As contas não estão fechadas definitivamente, mas já permitem perceber que, para o Algarve, 2020 foi “o pior ano turístico desde que há memória”. Os dados da AHETA apontam para uma quebra de 65% no volume de negócios, o que se traduz numa queda de 800 milhões.

O Algarve é uma das regiões portuguesas em que o turismo tem mais peso para a economia local. Com a pandemia, e as medidas que foram aplicadas, o turismo foi uma das atividades mais penalizadas. Os números preliminares, divulgados esta terça-feira, 12 de janeiro, pela AHETA – Associação dos Hotéis e Empreendimentos Turísticos do Algarve – permitem começar a ter um retrato mais fiel dos efeitos da pandemia.

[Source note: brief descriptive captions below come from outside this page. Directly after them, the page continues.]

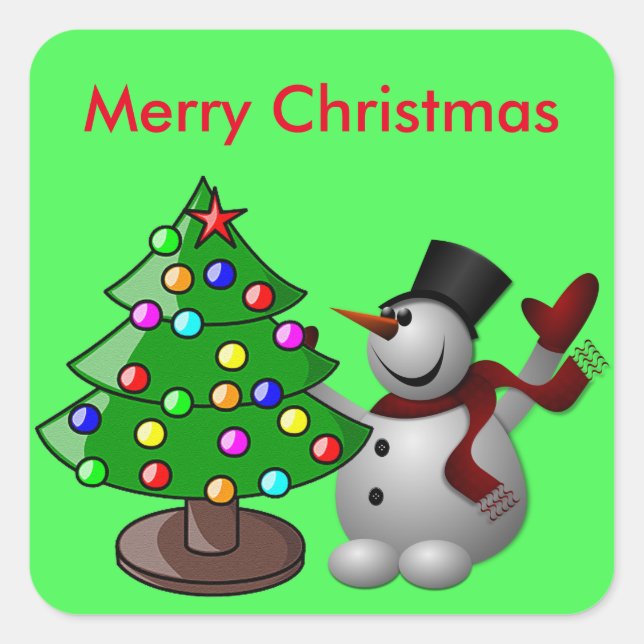 Feliz Árbol de Navidad y Pegatinas Snowman (Anverso)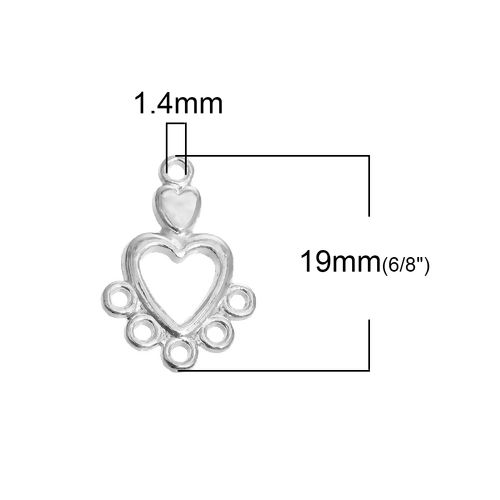 Picture of Zinc Based Alloy Connectors Heart Silver Plated Hollow 19mm x 13mm, 100 PCs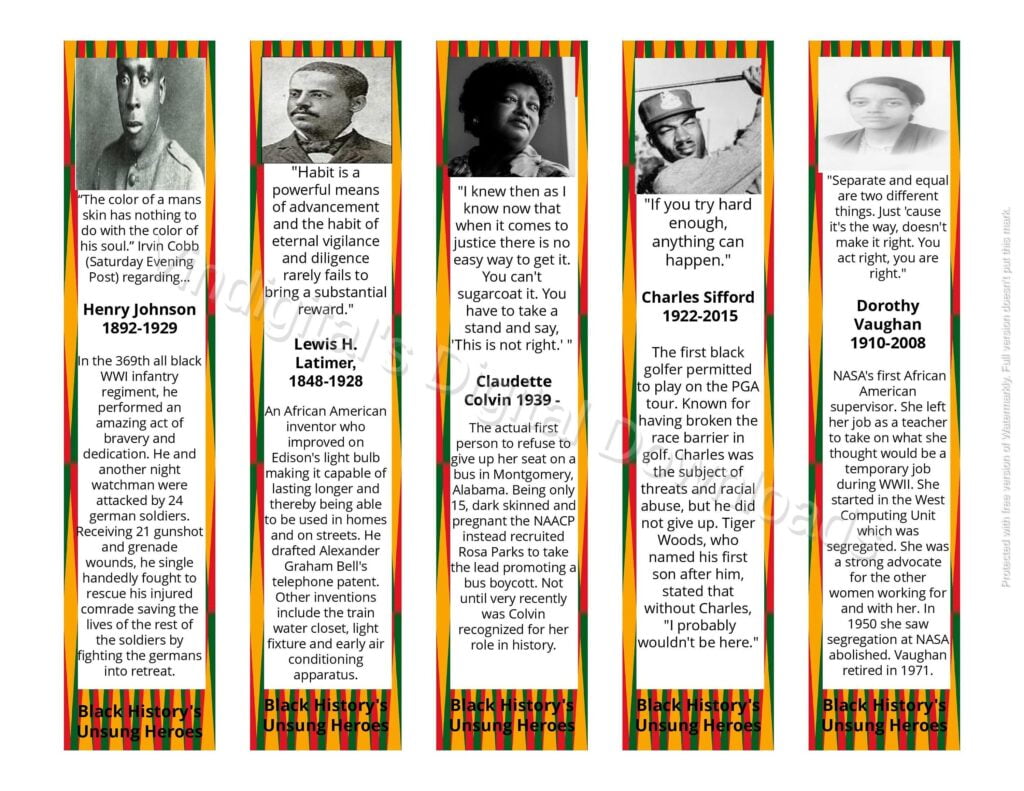 African American Bookmarks Raise Awareness Cards Unsung Heroes Etsy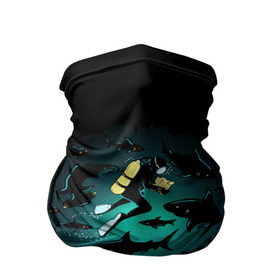 Бандана-труба 3D с принтом Подводный мир в Кировске, 100% полиэстер, ткань с особыми свойствами — Activecool | плотность 150‒180 г/м2; хорошо тянется, но сохраняет форму | fish | ocean | predator | sea | shark | under | акула | вода | дайвер | дайвинг | море | океан | рыба | хищник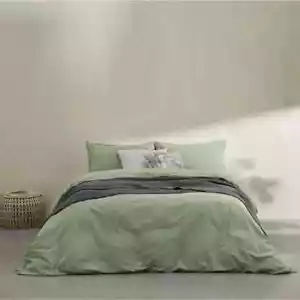 Funda de edredón y fundas de almohada Made.com Alexia 100 % algodón orgánico - verde suave DBL - Imagen 1 de 7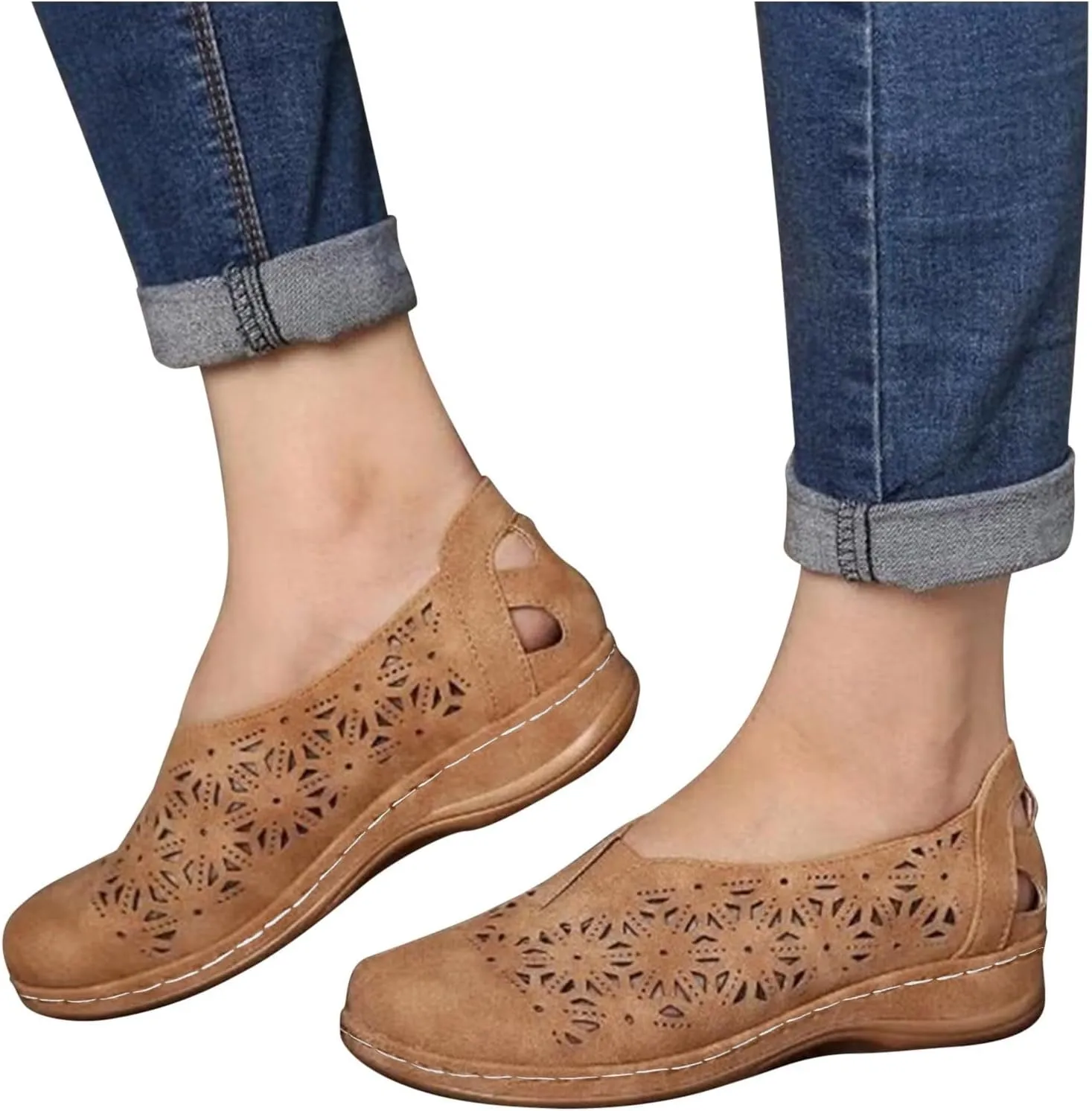 Womens Loafers Summer Comfortable Dressy Soft Plat Sandals Breathable Hollow Out Office Work Shoes Closed Toe Low Heel Walking Slip On Sandal for Women Casual Lightweight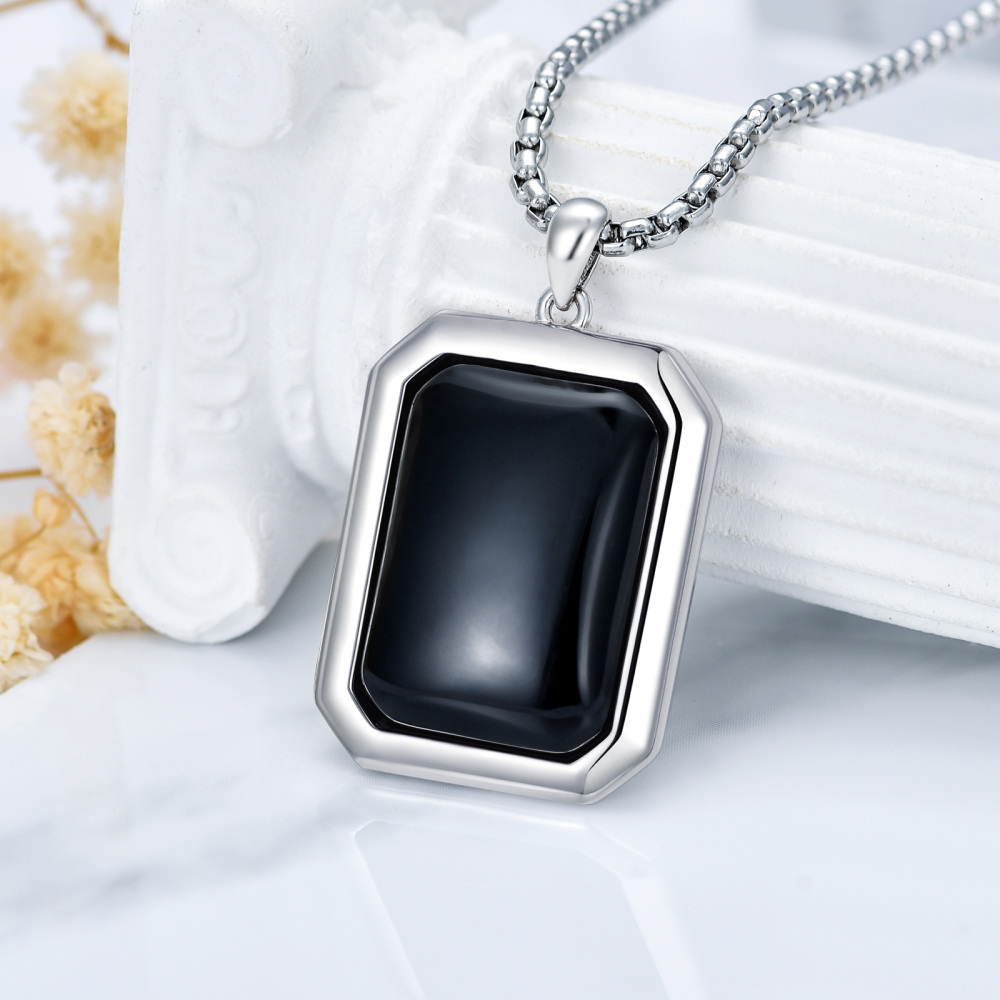 Sterling Silver Princess-square Shaped Agate Square Pendant Necklace-3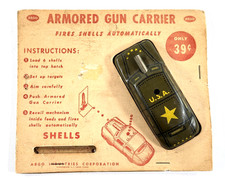 RARE Argo Armored Gun Carrier tin car toy tank ON CARD military truck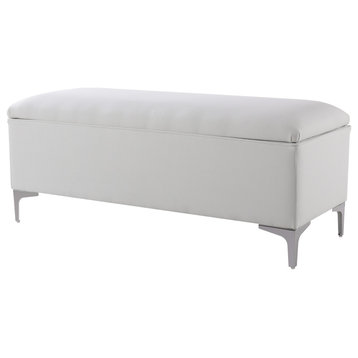 Madelyn Modern Storage Bench with Stainless Steel Legs, Bright White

“O Algarve registou, em 2020, o pior ano turístico desde que há memória, quer em termos de taxas de ocupação, quer no respeitante a resultados económicos e empresariais”, diz a associação em comunicado. Contas da AHETA indicam que o “volume de negócios caiu mais de 800 milhões de euros durante o ano, (-65,1%), resultante de quebras na procura dos principais mercados emissores externos, (-75,1%), enquanto o mercado interno, apesar do aumento de procura nos meses de verão, terminou o ano com menos 1,1 milhões de dormidas e 335 mil hóspedes, (-21,2%)”.